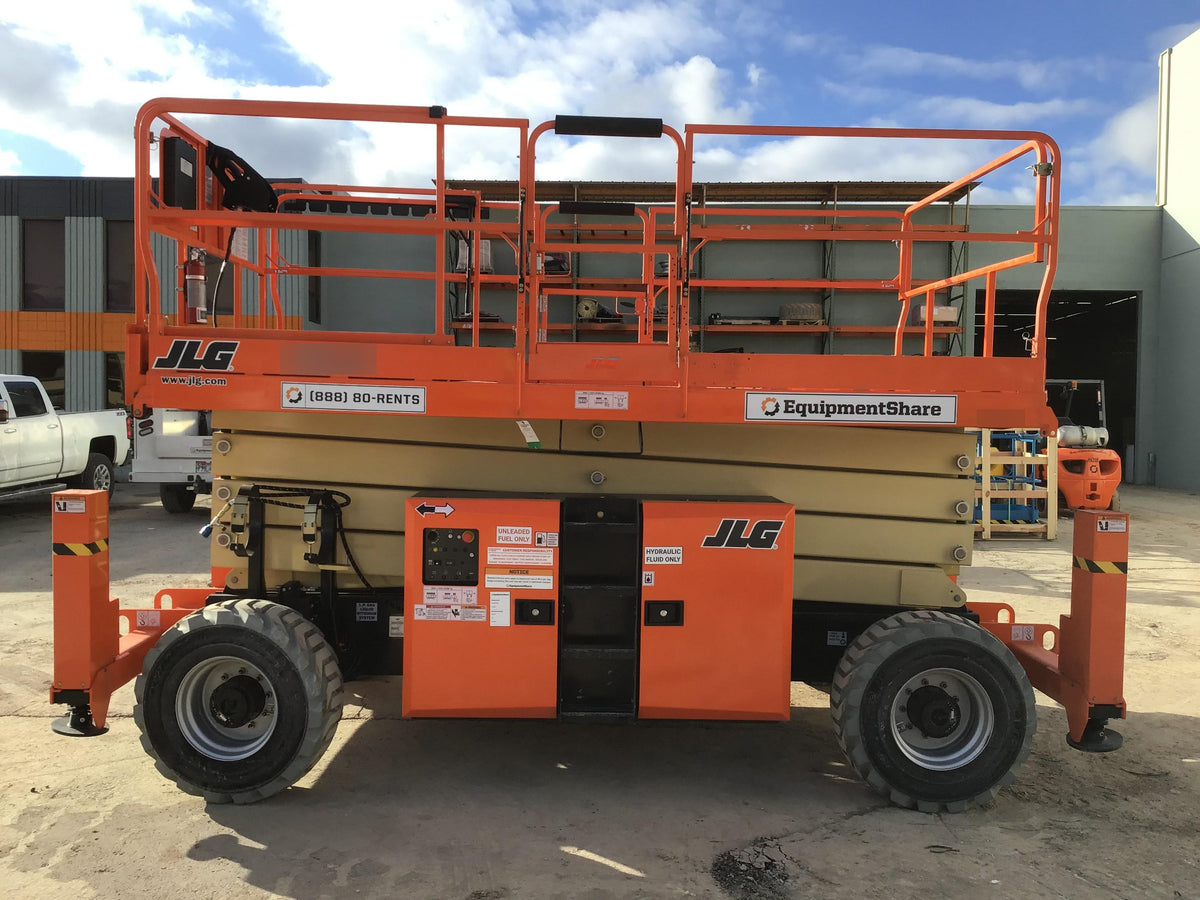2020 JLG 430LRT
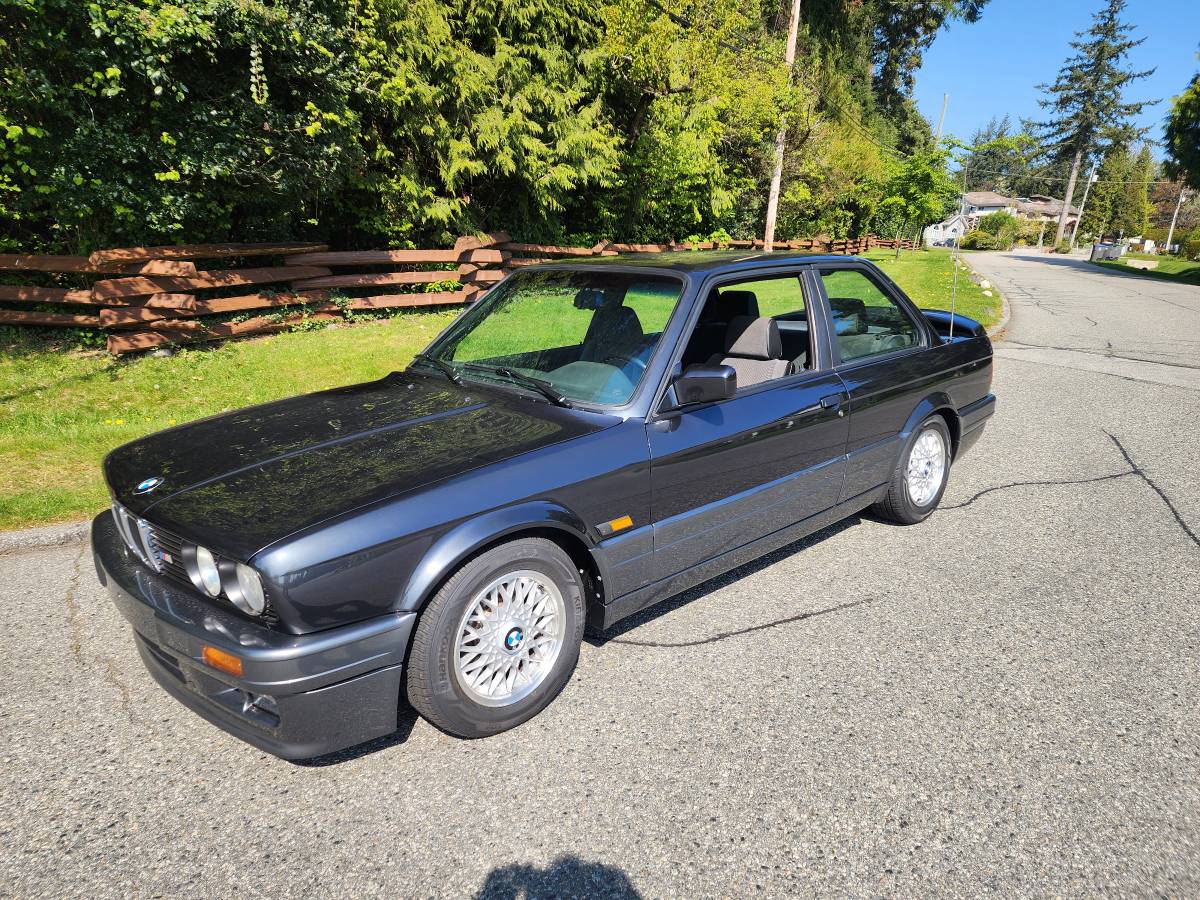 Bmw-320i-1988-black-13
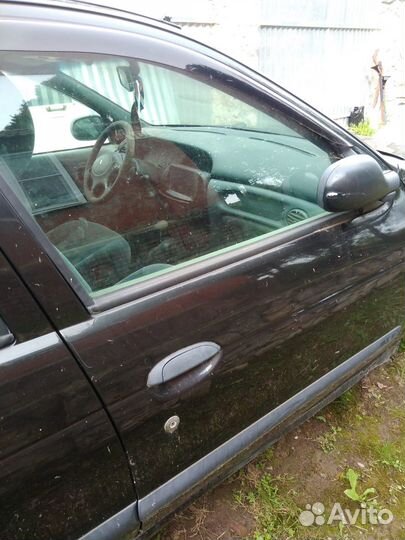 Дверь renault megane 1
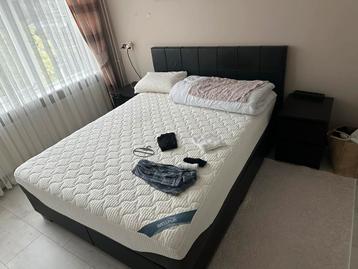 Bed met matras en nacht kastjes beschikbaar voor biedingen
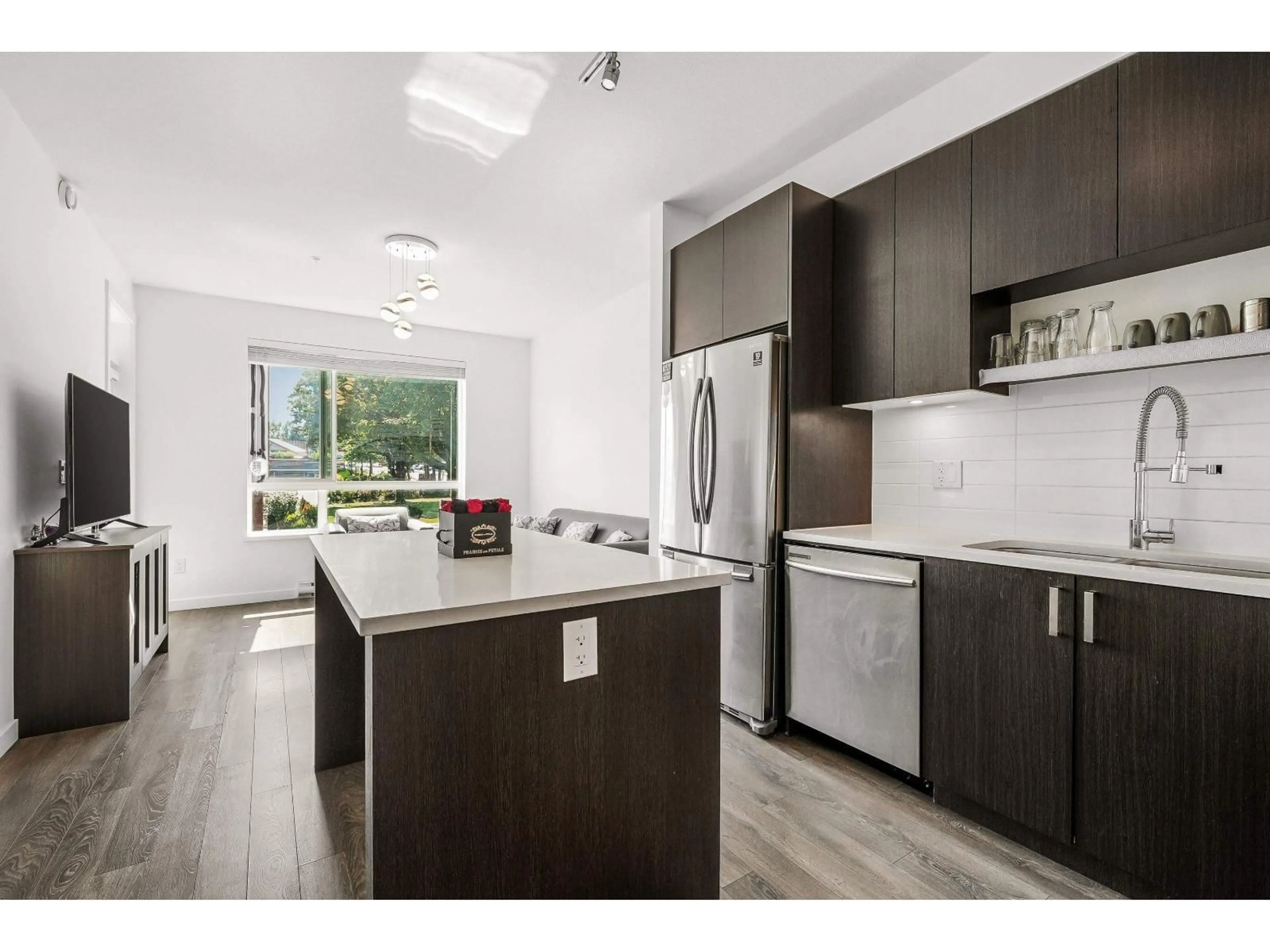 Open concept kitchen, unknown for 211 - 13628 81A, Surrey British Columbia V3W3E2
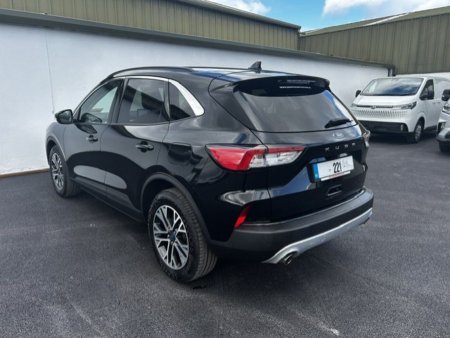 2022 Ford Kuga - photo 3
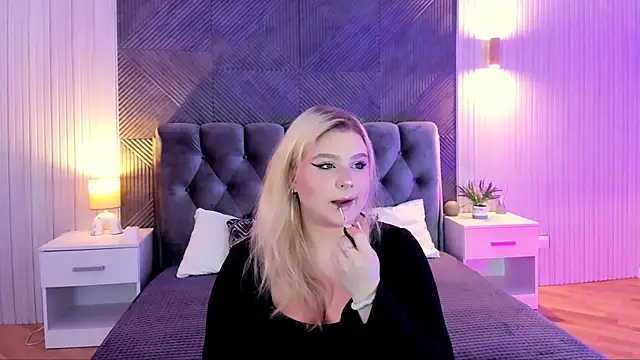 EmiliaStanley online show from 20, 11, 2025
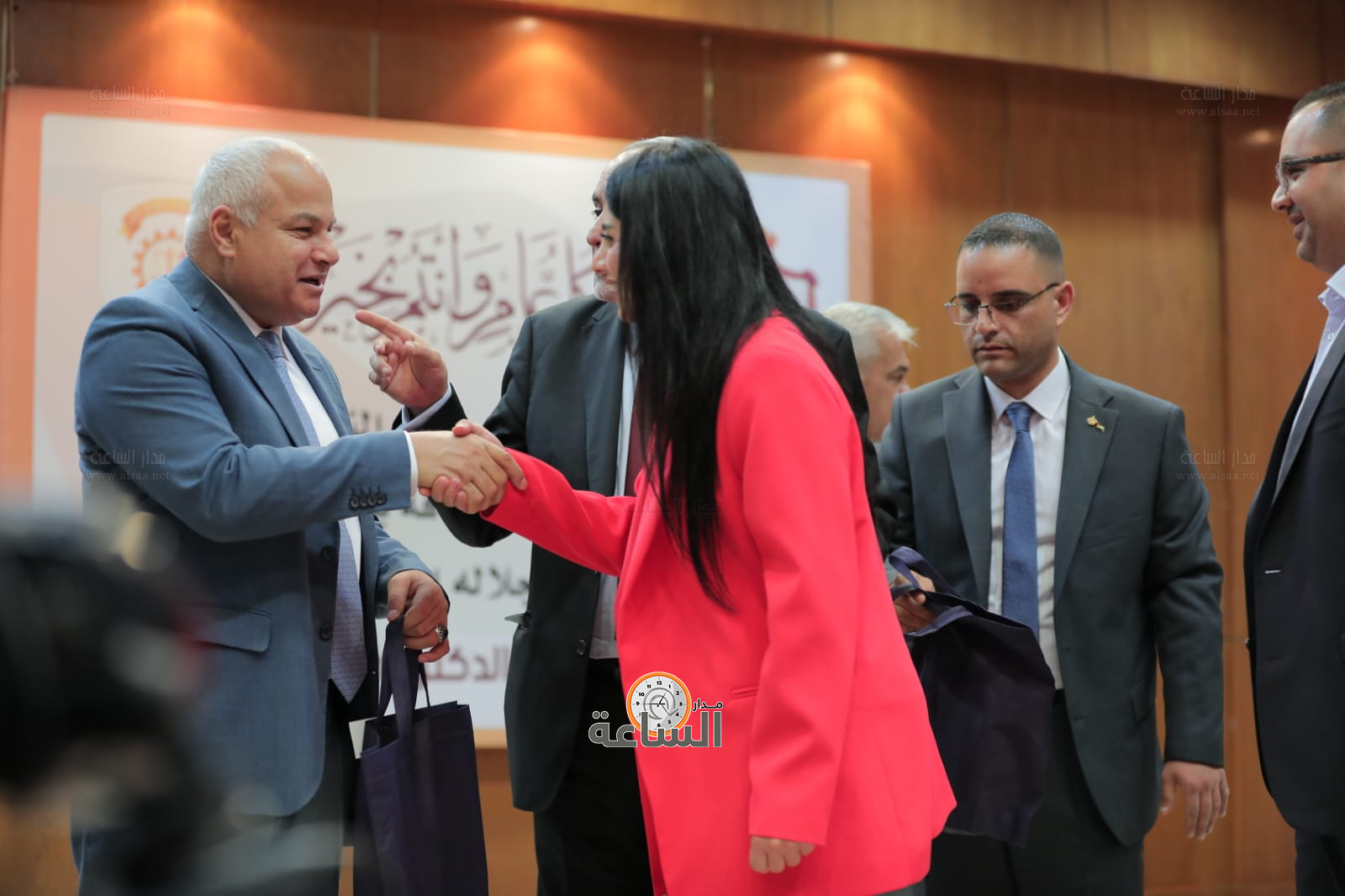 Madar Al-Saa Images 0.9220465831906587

-----

EXERCISE DETAILS » Give the listing again word for word, but drop every picture.

EXERCISE RESPONSE »
2020 JLG 430LRT
 Bmw-320i-1988-black-13
 Дверь renault megane 1
 Bed met matras en nacht kastjes beschikbaar voor biedingen
 Open concept kitchen, unknown for 211 - 13628 81A, Surrey British Columbia V3W3E2
 2022 Ford Kuga - photo 3
 EmiliaStanley online show from 20, 11, 2025
 Madar Al-Saa Images 0.9220465831906587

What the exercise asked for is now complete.